Le printemps dernier a été éprouvant entre les murs de la bibliothèque de Saint-Léonard, la plus vaste de l’île de Montréal après la Grande Bibliothèque. « Il y a eu plusieurs incidents, explique Thierry Robert, chef de division, culture et bibliothèque. Une bataille a éclaté avec un agent de sécurité. On considérait que ça allait beaucoup trop loin. Les employés étaient nerveux. »

La tension montait surtout parmi des groupes d’adolescents à la sortie des cours à l’école secondaire juste en face, Antoine-de-Saint-Exupéry. « Les agents de police communautaires venaient quasiment chaque jour », raconte M. Robert.

L’équipe de la bibliothèque s’est alors assise avec des élus de l’arrondissement, des agents du poste de quartier (PDQ) 42 et des organismes de développement social pour éviter que les débordements se répètent à la rentrée des classes, à l’automne.

De là est né Virée, projet de « sécurité urbaine » et première phase d’un chantier en cours visant à transformer l’imposant établissement de Saint-Léonard en bibliothèque communautaire.

Depuis, on a constaté une baisse de 60 % des incidents, mais le plus important, c’est que la gravité a diminué.

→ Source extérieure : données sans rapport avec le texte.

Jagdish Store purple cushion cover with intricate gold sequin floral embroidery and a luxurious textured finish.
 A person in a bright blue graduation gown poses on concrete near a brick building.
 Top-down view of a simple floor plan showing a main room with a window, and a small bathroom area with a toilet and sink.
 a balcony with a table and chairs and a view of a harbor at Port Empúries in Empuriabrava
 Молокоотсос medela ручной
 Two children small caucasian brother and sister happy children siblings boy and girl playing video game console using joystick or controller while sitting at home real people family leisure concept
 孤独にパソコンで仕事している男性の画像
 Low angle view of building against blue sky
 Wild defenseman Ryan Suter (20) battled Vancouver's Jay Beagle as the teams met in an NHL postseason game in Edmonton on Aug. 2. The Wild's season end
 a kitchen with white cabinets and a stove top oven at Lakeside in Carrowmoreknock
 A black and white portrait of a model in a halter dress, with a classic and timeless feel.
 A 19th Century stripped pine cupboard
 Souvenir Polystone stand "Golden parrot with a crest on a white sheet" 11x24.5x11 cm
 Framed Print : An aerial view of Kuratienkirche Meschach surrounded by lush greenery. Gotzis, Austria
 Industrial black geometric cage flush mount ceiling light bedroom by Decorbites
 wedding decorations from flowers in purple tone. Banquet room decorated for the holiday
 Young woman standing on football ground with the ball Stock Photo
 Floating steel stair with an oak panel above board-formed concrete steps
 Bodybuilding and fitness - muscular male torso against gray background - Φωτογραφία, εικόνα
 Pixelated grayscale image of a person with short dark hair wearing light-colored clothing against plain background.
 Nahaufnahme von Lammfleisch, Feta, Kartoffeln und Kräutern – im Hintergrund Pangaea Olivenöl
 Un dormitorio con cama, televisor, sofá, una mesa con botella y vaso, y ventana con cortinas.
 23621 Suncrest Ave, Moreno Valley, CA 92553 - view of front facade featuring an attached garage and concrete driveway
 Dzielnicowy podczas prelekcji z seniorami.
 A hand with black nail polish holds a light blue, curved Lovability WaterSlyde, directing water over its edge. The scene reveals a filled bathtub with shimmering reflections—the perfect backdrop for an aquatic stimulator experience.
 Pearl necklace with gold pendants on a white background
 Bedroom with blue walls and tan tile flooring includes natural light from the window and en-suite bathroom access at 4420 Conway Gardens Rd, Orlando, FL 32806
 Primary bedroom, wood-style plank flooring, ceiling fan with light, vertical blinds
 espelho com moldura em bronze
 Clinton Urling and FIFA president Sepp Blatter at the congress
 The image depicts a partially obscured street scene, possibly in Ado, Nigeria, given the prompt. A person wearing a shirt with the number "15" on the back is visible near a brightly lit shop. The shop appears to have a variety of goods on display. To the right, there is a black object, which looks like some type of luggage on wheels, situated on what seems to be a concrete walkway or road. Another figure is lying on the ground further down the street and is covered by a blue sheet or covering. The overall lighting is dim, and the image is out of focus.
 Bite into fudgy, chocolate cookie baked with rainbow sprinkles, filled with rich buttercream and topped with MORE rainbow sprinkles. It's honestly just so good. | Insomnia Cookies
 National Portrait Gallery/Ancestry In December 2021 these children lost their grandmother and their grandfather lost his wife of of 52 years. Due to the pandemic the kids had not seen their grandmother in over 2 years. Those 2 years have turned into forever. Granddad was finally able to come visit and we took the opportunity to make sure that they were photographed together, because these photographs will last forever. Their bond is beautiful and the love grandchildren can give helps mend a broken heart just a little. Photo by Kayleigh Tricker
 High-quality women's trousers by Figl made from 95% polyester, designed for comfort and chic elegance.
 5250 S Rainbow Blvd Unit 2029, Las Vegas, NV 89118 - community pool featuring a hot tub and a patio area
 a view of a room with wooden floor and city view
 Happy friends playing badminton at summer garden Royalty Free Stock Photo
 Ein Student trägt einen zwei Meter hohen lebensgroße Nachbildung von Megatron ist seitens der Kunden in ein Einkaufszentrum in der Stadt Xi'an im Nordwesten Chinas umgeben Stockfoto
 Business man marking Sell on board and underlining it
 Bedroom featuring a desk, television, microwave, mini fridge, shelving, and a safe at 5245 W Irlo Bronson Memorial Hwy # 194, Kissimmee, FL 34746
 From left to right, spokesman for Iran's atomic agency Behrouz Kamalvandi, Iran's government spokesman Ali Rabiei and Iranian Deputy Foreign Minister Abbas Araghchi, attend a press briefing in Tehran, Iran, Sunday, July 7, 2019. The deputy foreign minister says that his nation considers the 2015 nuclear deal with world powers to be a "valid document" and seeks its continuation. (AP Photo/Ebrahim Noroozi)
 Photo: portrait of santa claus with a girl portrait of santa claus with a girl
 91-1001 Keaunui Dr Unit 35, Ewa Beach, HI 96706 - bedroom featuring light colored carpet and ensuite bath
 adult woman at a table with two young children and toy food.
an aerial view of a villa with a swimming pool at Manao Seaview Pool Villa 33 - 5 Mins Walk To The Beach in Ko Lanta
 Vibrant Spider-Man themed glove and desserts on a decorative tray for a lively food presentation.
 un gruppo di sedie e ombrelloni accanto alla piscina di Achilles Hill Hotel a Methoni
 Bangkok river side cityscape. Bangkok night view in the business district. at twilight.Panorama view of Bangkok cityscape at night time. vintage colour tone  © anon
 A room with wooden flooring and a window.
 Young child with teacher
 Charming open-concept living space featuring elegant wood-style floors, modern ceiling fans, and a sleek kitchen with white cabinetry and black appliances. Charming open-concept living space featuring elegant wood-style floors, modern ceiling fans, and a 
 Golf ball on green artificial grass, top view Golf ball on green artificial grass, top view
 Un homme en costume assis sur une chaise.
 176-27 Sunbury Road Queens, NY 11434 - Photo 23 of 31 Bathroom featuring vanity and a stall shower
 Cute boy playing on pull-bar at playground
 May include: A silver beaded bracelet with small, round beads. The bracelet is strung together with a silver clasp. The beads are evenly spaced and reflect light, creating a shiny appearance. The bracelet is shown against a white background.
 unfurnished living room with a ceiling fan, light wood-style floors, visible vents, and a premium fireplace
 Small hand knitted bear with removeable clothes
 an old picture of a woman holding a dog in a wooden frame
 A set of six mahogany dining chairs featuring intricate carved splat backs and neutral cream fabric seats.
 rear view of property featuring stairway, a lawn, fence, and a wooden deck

La police communautaire ne vient presque plus.

Thierry Robert, chef de division, culture et bibliothèque, à Saint-Léonard

Une présence significative

En plus de mettre sur pied une campagne d’affichage contre les incivilités, la direction a sollicité la Maison des jeunes de Saint-Léonard pour qu’un intervenant vienne faire son tour une fois les classes terminées. Un agent de sécurité a aussi été embauché pendant les heures de fermeture de l’école, « jusqu’au retour des employés à leur véhicule », explique le chef de division, culture et bibliothèque.

Mais le principal facteur de succès du projet Virée a un nom : Nikolaz Turmel. L’animatrice jeunesse assure dorénavant une présence permanente dans la grande salle réservée aux adolescents depuis 2016 au sous-sol de l’établissement. « Les jeunes ont moins le goût de détruire les choses parce qu’ils associent le lieu à quelqu’un », note M. Robert.

Mme Turmel, qui veille dans l’antre doté de grandes tables et d’espaces de jeux vidéo, acquiesce.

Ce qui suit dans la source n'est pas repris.